SOURCE MATERIAL:
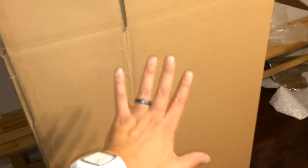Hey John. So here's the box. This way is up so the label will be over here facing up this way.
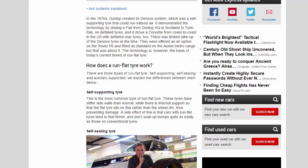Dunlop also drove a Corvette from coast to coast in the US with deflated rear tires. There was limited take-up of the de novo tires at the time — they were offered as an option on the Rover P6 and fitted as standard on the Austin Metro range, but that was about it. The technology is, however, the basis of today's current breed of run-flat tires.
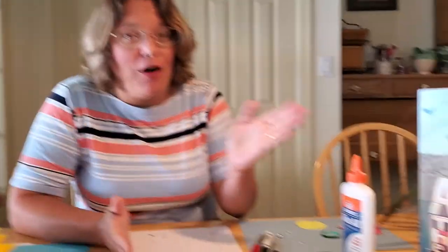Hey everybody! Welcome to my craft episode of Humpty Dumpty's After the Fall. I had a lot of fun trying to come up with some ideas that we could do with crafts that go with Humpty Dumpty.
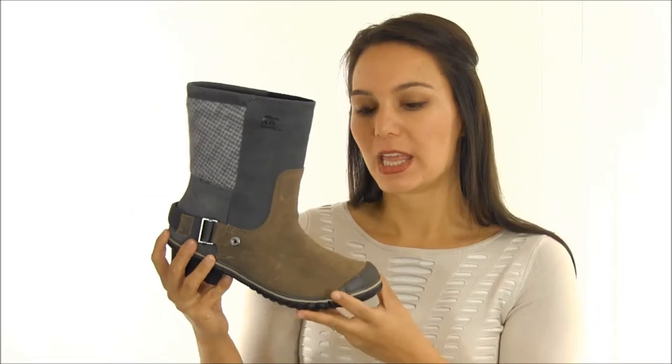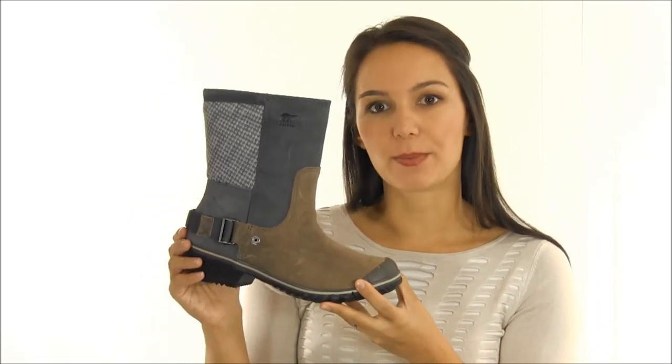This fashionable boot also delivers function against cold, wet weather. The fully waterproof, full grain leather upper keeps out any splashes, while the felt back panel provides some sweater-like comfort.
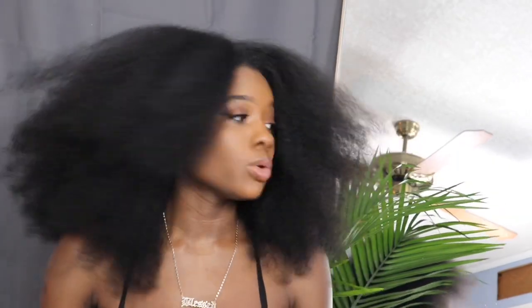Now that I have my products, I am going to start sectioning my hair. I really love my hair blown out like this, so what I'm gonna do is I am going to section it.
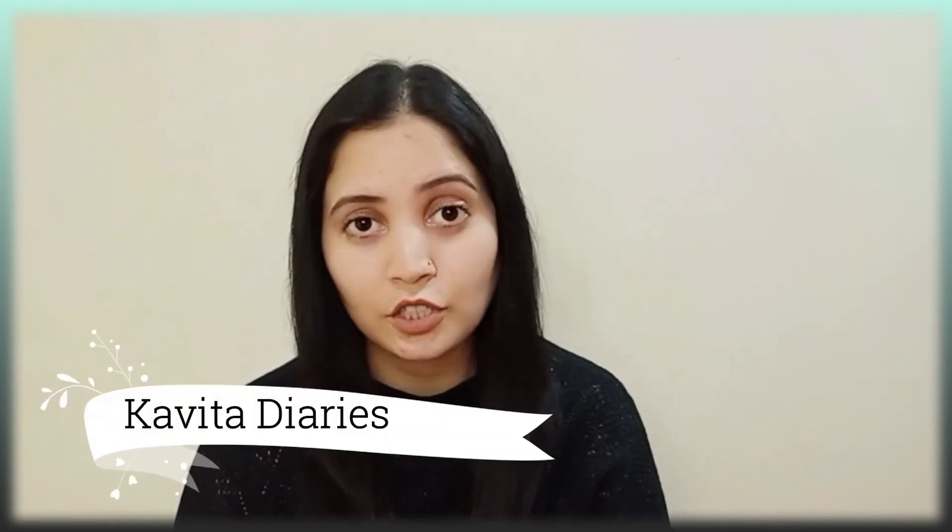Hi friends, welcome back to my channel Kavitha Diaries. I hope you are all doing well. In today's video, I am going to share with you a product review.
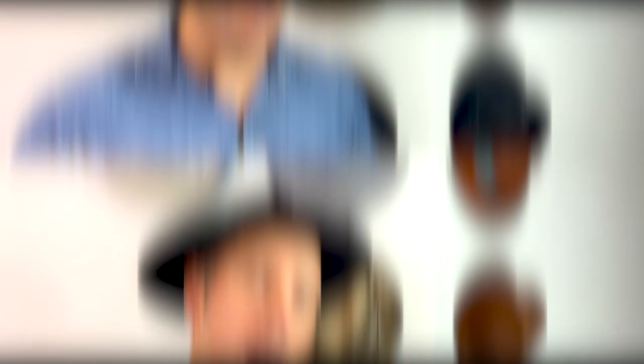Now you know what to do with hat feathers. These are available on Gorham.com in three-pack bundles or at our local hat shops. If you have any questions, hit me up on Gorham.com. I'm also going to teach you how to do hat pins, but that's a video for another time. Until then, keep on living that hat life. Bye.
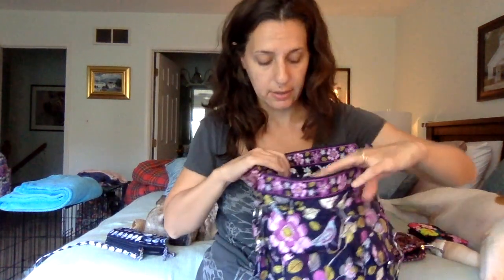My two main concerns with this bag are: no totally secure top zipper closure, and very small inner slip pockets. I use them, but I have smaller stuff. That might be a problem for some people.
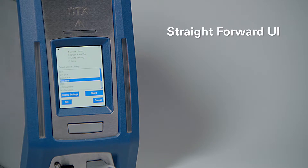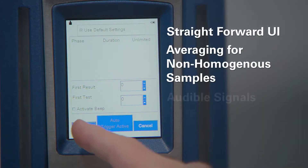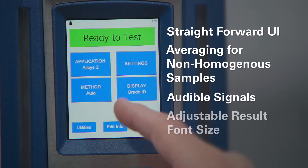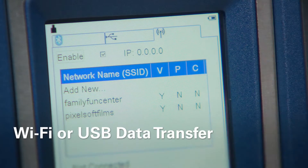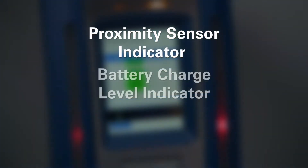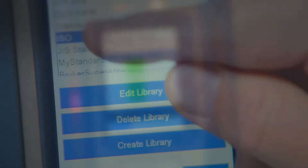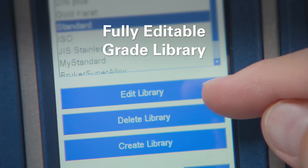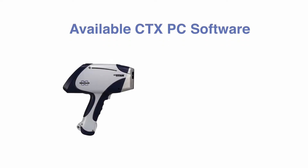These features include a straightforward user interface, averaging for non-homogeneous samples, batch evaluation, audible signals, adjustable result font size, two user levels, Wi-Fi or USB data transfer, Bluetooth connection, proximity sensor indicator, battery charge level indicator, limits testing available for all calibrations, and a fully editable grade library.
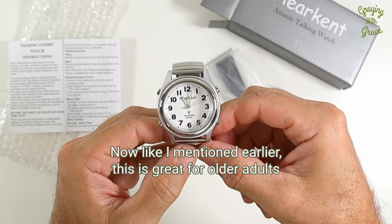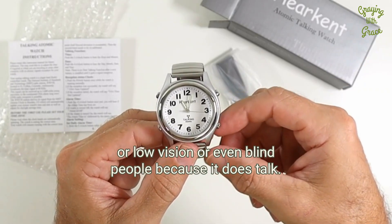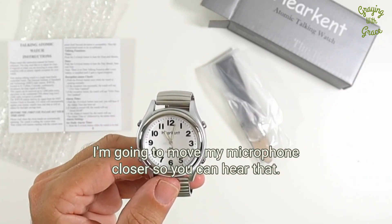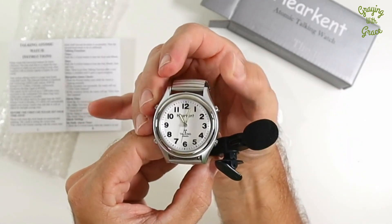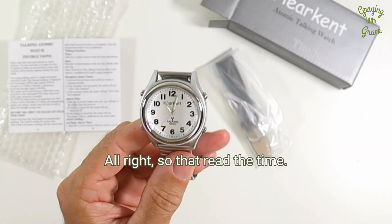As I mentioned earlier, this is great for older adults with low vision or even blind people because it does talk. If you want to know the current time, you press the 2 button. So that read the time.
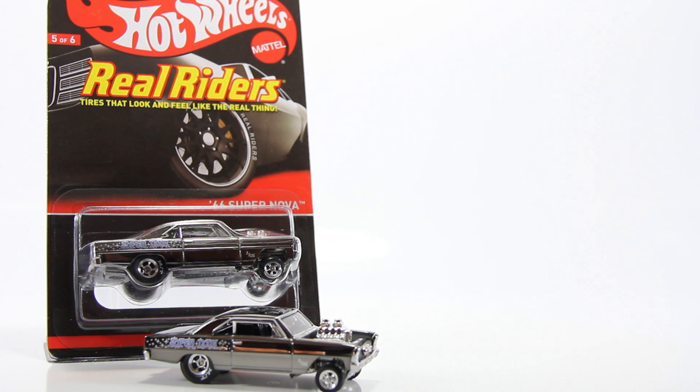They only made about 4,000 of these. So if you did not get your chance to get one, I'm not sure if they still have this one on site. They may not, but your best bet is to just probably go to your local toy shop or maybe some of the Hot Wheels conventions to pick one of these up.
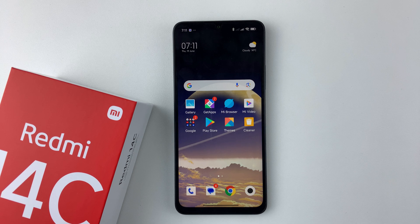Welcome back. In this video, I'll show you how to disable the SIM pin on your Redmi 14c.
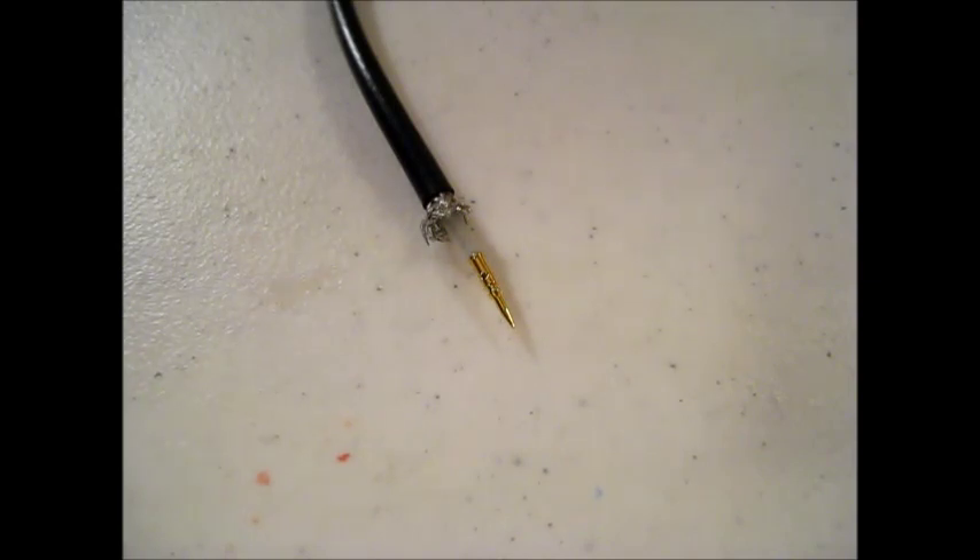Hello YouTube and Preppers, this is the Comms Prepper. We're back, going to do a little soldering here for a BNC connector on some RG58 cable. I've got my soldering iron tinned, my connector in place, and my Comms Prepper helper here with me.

--

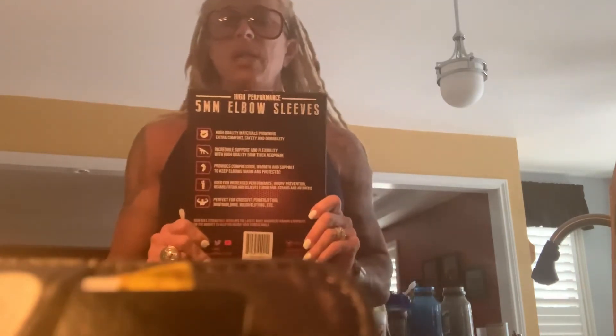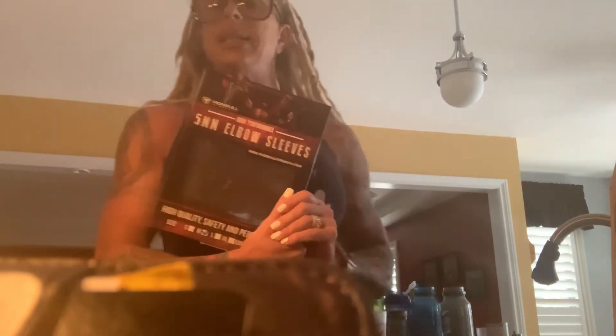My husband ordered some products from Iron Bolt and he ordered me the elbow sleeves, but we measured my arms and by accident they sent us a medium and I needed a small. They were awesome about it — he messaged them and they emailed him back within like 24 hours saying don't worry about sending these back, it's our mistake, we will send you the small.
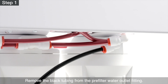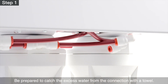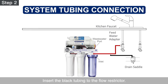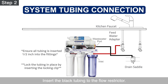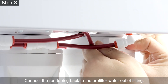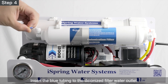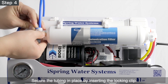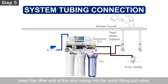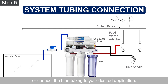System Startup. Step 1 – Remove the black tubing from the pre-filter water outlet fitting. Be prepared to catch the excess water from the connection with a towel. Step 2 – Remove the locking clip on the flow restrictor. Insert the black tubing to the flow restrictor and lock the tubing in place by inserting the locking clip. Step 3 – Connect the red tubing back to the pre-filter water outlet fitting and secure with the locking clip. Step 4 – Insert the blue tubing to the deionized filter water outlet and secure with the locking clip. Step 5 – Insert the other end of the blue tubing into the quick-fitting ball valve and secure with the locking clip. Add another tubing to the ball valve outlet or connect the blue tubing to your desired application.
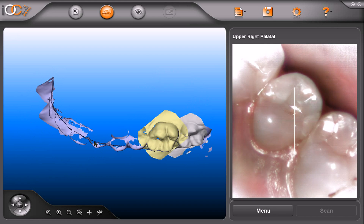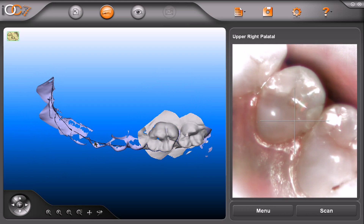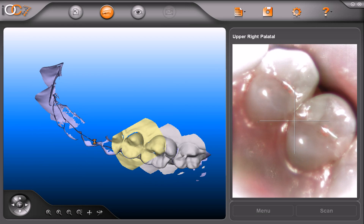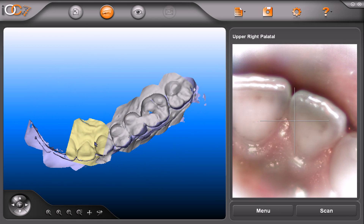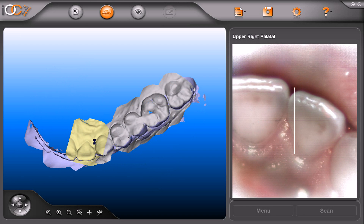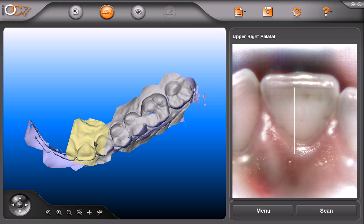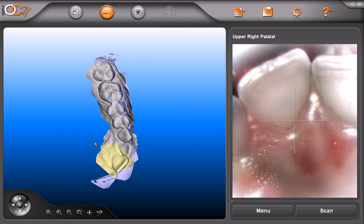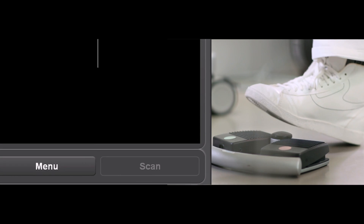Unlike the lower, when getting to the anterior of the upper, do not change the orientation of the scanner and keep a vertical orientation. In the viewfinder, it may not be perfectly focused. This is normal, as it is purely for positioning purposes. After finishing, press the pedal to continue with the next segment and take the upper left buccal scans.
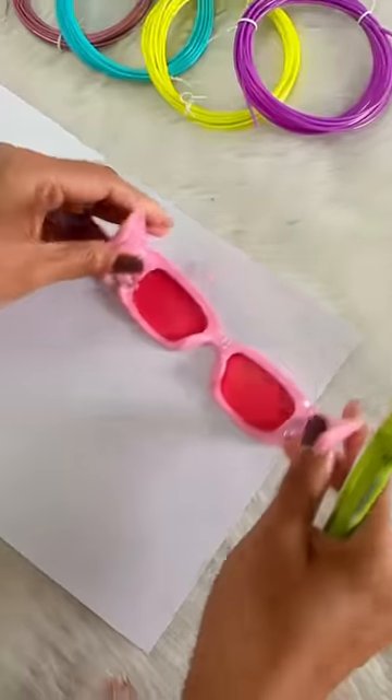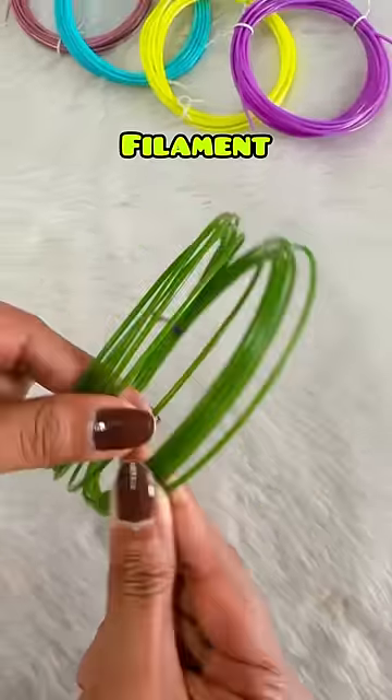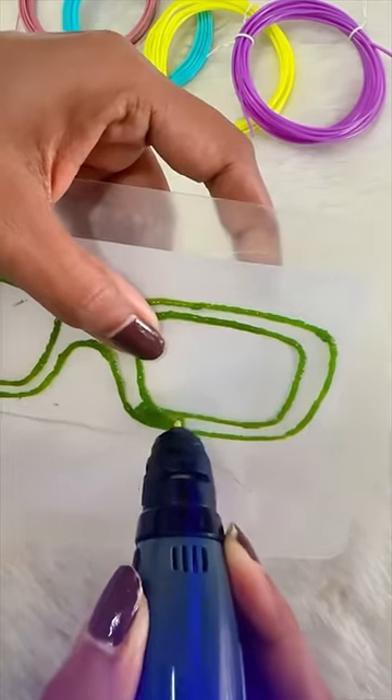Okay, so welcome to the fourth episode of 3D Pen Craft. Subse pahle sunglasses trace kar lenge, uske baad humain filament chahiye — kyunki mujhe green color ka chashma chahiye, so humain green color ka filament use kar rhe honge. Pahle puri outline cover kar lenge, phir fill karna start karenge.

THE PROBLEM:
In the listing above, find the line with "Dunlop also drove" and the line with "Hey everybody! Welcome". Set down both and every line between them, minus the pictures.

EXERCISE SOLUTION:
Dunlop also drove a Corvette from coast to coast in the US with deflated rear tires. There was limited take-up of the de novo tires at the time — they were offered as an option on the Rover P6 and fitted as standard on the Austin Metro range, but that was about it. The technology is, however, the basis of today's current breed of run-flat tires.
Hey everybody! Welcome to my craft episode of Humpty Dumpty's After the Fall. I had a lot of fun trying to come up with some ideas that we could do with crafts that go with Humpty Dumpty.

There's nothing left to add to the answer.